TASK DIRECTIONS | The entries below contain a line with "Gifts for Men,16" and a line with "Hedge Maze Icon". Retype exactly everything from the first down to the second, both included, and nothing else.

DATA TO PROCESS |
- - - - -

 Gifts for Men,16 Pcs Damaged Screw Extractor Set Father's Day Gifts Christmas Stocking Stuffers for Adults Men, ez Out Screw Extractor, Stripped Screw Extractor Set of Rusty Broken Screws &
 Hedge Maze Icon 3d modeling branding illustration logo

- - - - -

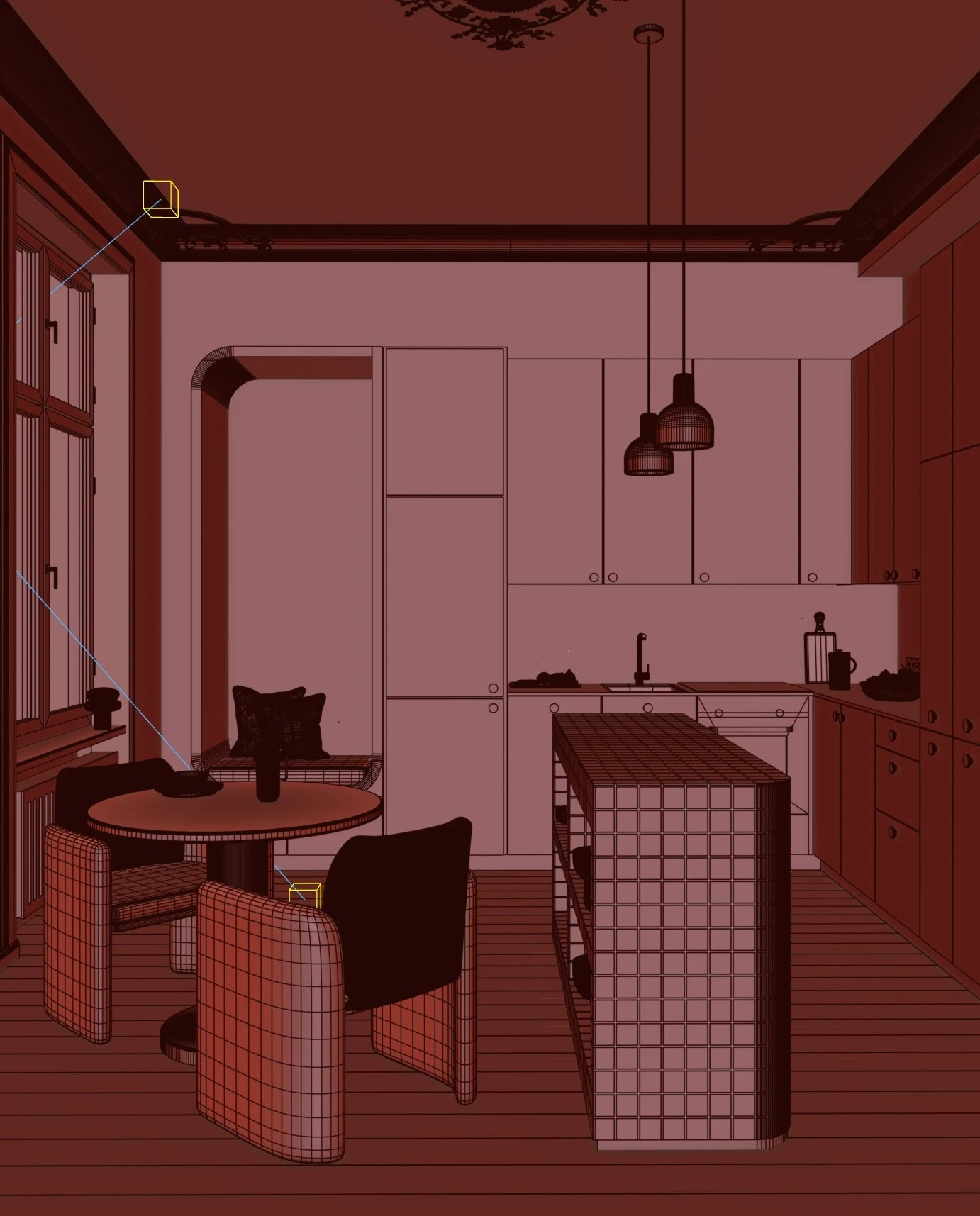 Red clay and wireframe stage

- - - - -

WRITTEN RESPONSE |
 Gifts for Men,16 Pcs Damaged Screw Extractor Set Father's Day Gifts Christmas Stocking Stuffers for Adults Men, ez Out Screw Extractor, Stripped Screw Extractor Set of Rusty Broken Screws &
 Hedge Maze Icon 3d modeling branding illustration logo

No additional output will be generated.